Abstract

Motivating employees to engage in pro-environmental behaviours is an essential topic in the tourism and hotel fields. This paper advances this research direction by integrating the mechanisms of cognition and incentives from the externalities/spillovers perspective. This paper argues that we can view the environmental and financial benefits received by hotels and natural environment as positive spillovers from employees' voluntary pro-environmental behaviours. Accordingly, internalization (the subject of positive spillovers cognitively perceives oneness with beneficiaries like hotels and physical environment) and compensation (beneficiaries offer incentives for positive spillovers' subject) are two leading solutions to the positive spillovers issue, which can improve employees' engagement in pro-environmental behaviours. Hence, this paper explores the impact of employees' cognitive internalization (work ethic) and positive incentives from the organization and nature (hotel's environmental benefit sharing and health rewards rooted in employees' ecological embeddedness) on employees' pro-environmental behaviours in the hotel industry.
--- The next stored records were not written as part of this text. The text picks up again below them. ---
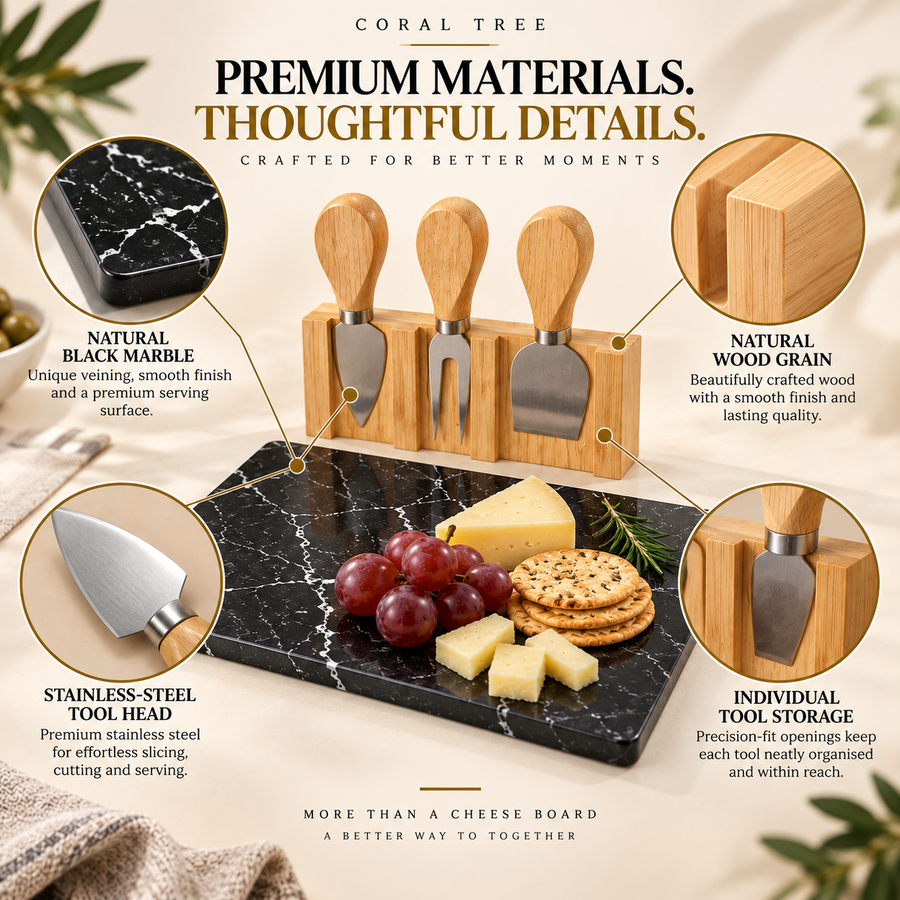 Mini Bamboo Cheese Board Set with Marble & Knives Style 3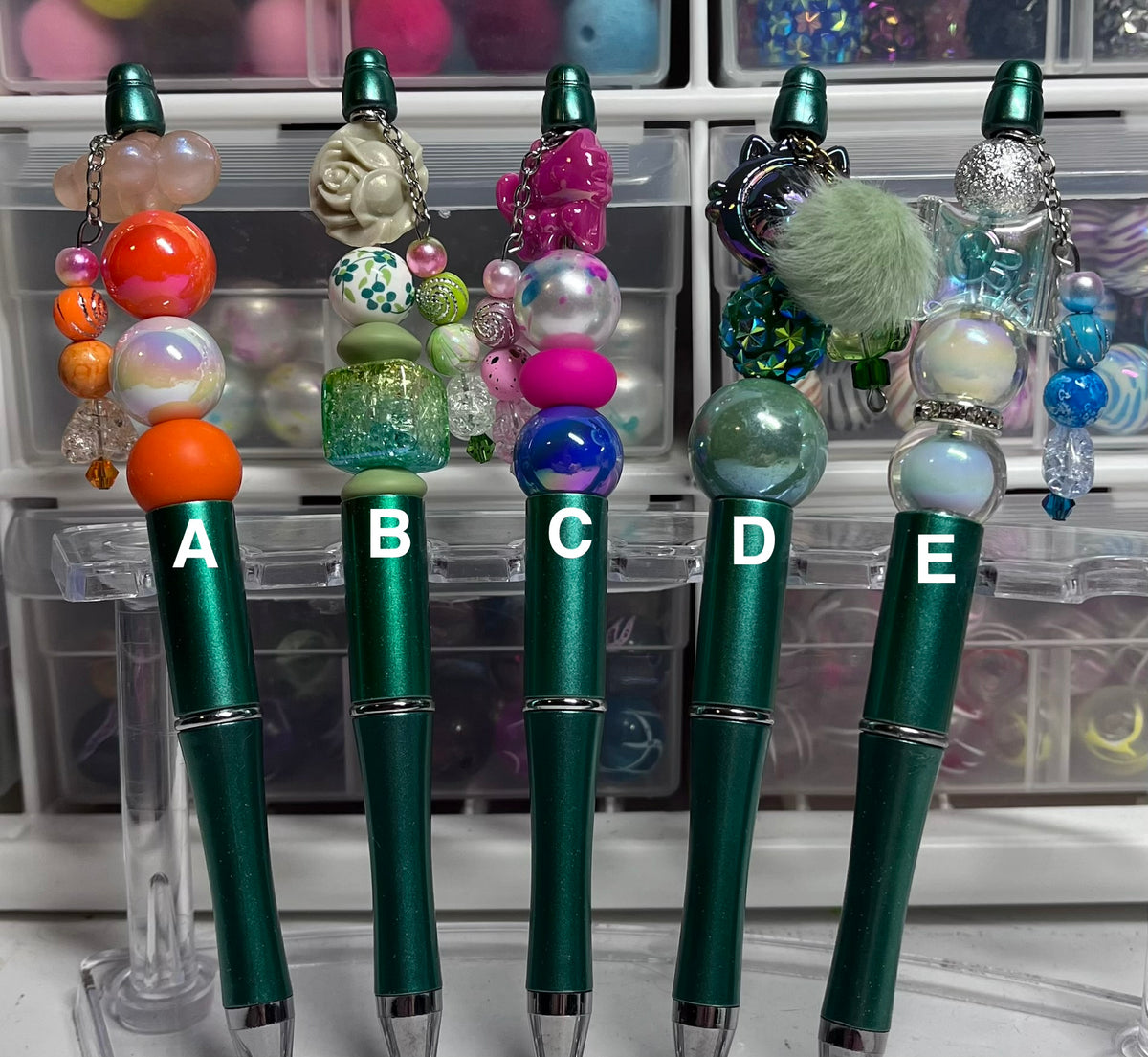 Metallic Hunter Green Beaded Pens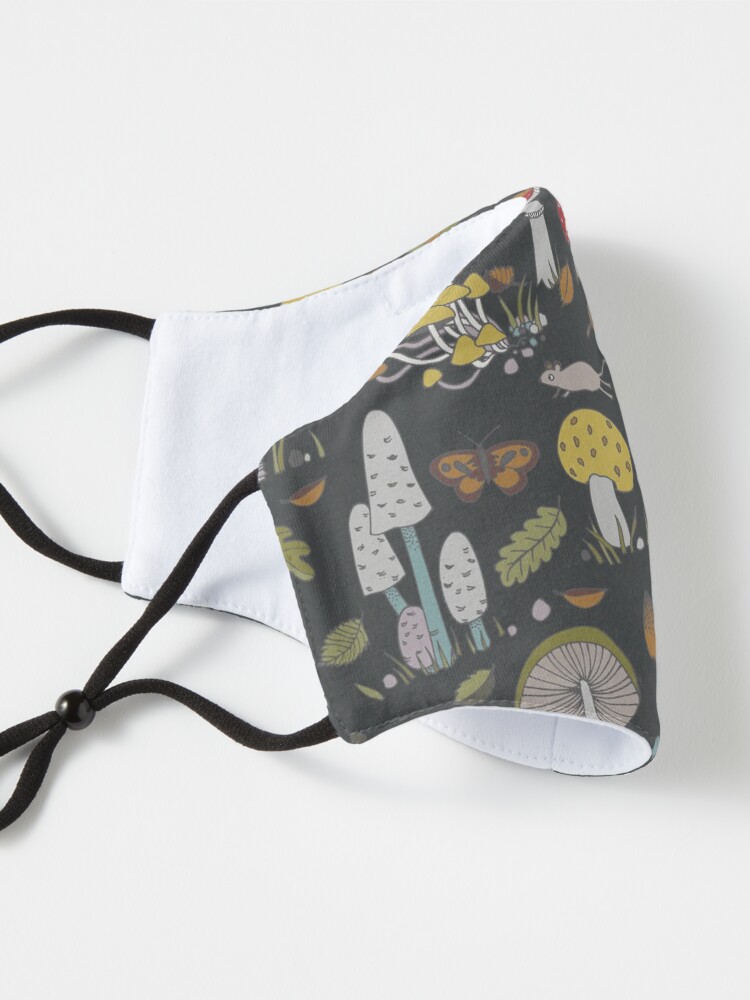 Alternate view of Forest Floor - fun fungus pattern by Cecca Designs Mask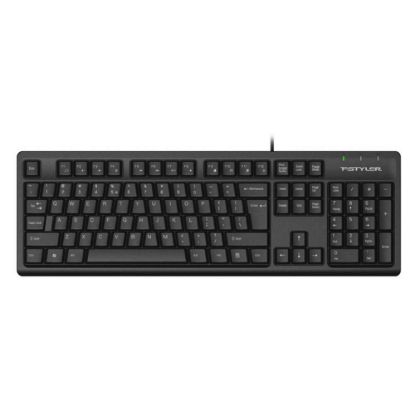 Obrázek A4tech FKS12, multimediální kancelářská tichá klávesnice, CZ/ US, USB, černá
The empirical analysis of a sample of 324 employees working in Chinese luxury hotels suggests that employees' work ethic, hotel's environmental benefit sharing and employees' ecological embeddedness are significantly positively related to employees' pro-environmental behaviours and that the interplay of employees' work ethic and ecological embeddedness significantly and negatively affects employees' pro-environmental behaviours.